Physically if the servers randomly distributed and sized across 10 racks,
* Should they be consolidated to logical racking policy and bring it down to 2~3 racks of equal size.
* Is there a recommended advantage / approach towards creating logical Rack mapping instead of Physical ?
* If so how many racks and sizing should be considered, given that 1/3 vs 2/3 replicas per rack distribution in place.
Is your condition of distributing nodes randomly across 10 racks a given? I mean, is that may be a result of using VMs and something out of your control? Or are nodes deliberately distributed across 10 racks to reduce the impact of rack failure when it occurs?

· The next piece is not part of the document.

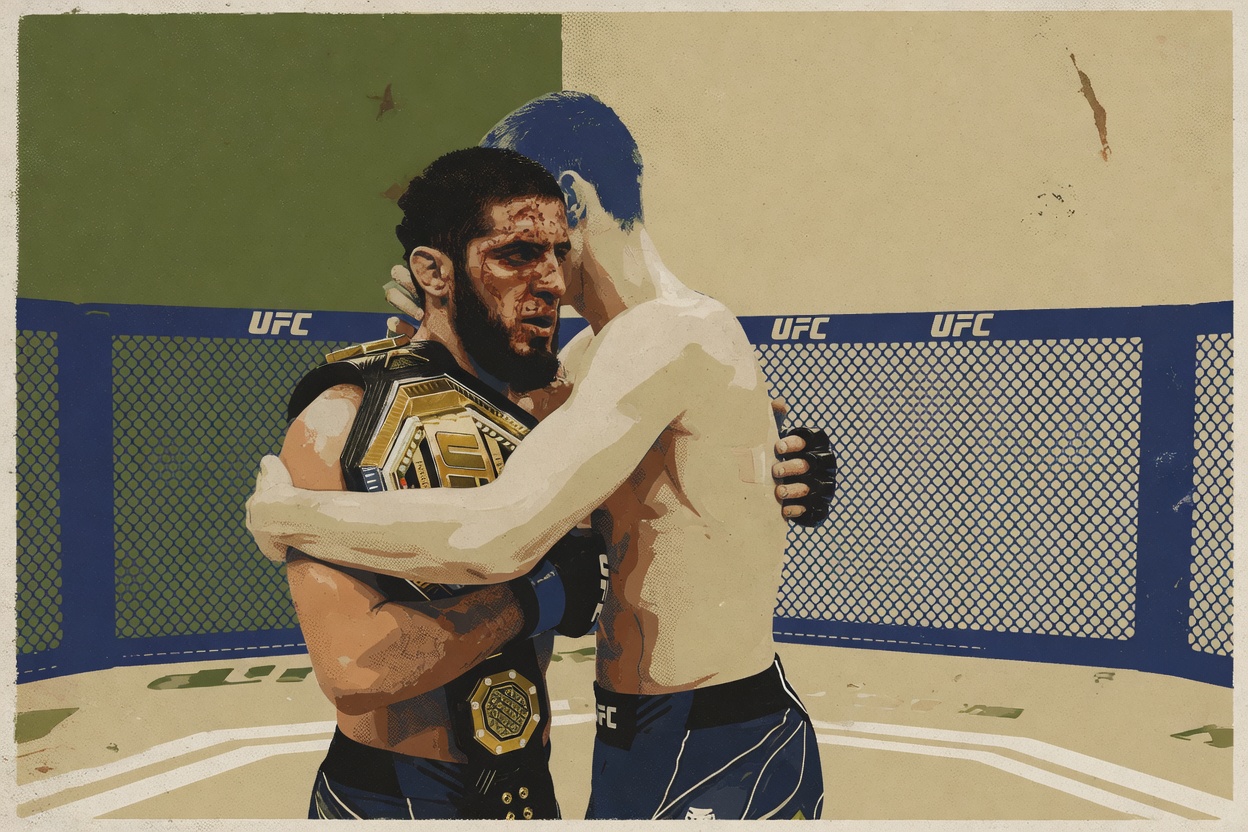 You've watched a hundred fighters hug before the horn. Dana only minded this one.
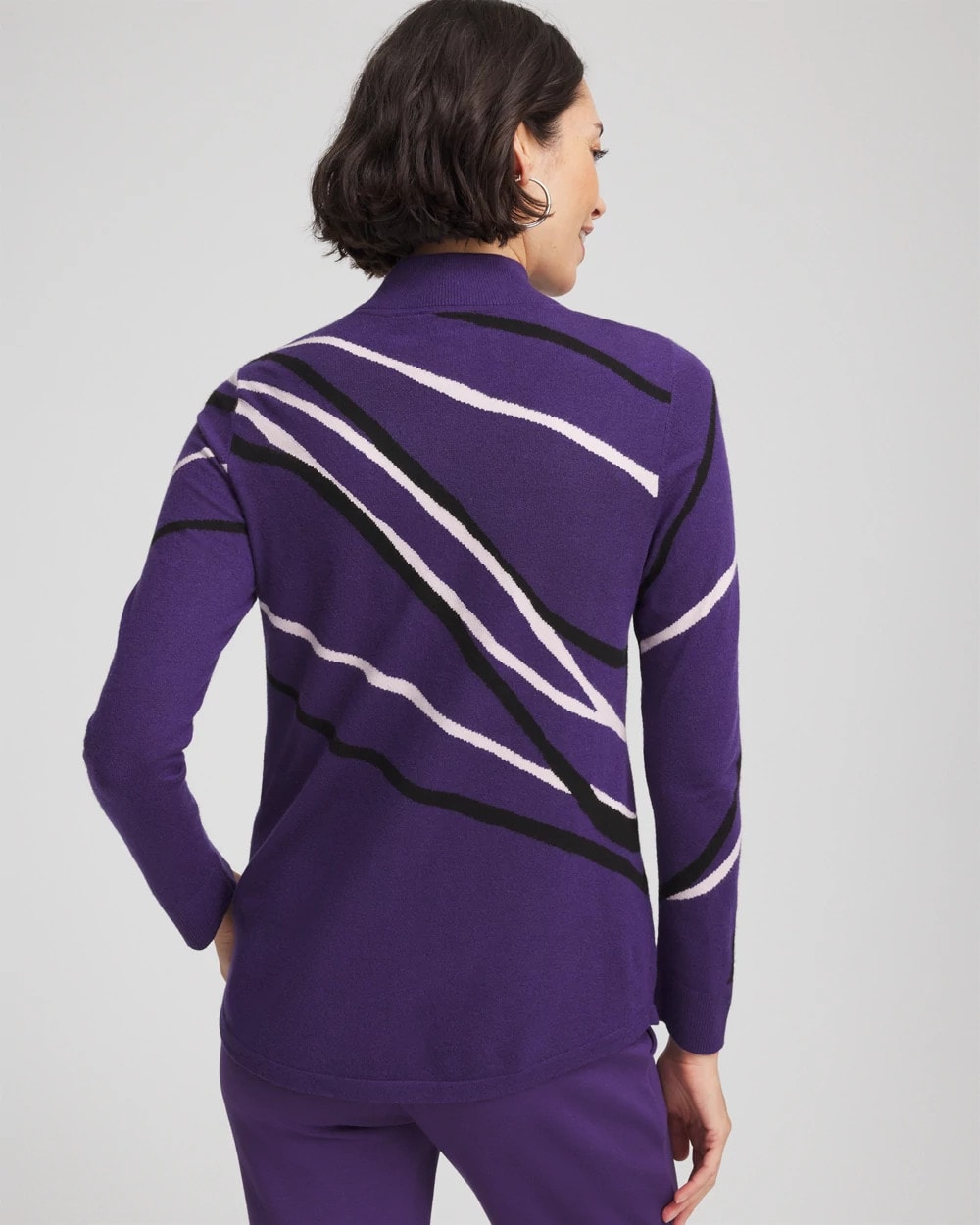 Chico's Zenergy® Luxe Morocco Half-Zip Pullover PURPLE ELIXIR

I would like to understand your motivation. This distribution of nodes randomly across 10 racks doesn't sound a like a very good idea. If you are trying to protect against multiple rack failures, then I think if such a situation arises where 3 or 4 racks are down, then you might have a much bigger problem then just your hadoop cluster. On the other hand you will be paying a price in terms of increased complexity and slower write speeds.
This is because of infrastructure team has lot of unused servers / rack space across different racks that could be leveraged for hadoop usage. All these racks are part of same datacenter, and they do consider the network speeds. However, the underlying Question is of essence, regardless of distribution of physical servers location, e.g. if we have 2 racks of 15 servers each, vs 3 racks of 15 servers each, knowing that the replication factor of 3 would distribute the data blocks in 1/3 vs 2/3 replicas per rack. Sizing of Rack becomes crucial as 1 rack might end fill up faster than the other rack, if they are of same size.
I have heard this referred to as the "Swiss Cheese" method of server allocation, because you just put in servers wherever there are holes.
But I hope you have a fast backbone - when Spark of Hadoop jobs that use map/reduce get to the shuffle phase all hell breaks out on the network. Then your net admins will beg you to use separate racks.
HDFS balancer is rack aware and will take care that you don't run into this scenario. Ensure that a lancer doesn't take lot of bandwidth or instead of running balancer in online mode, run it nightly when load is low.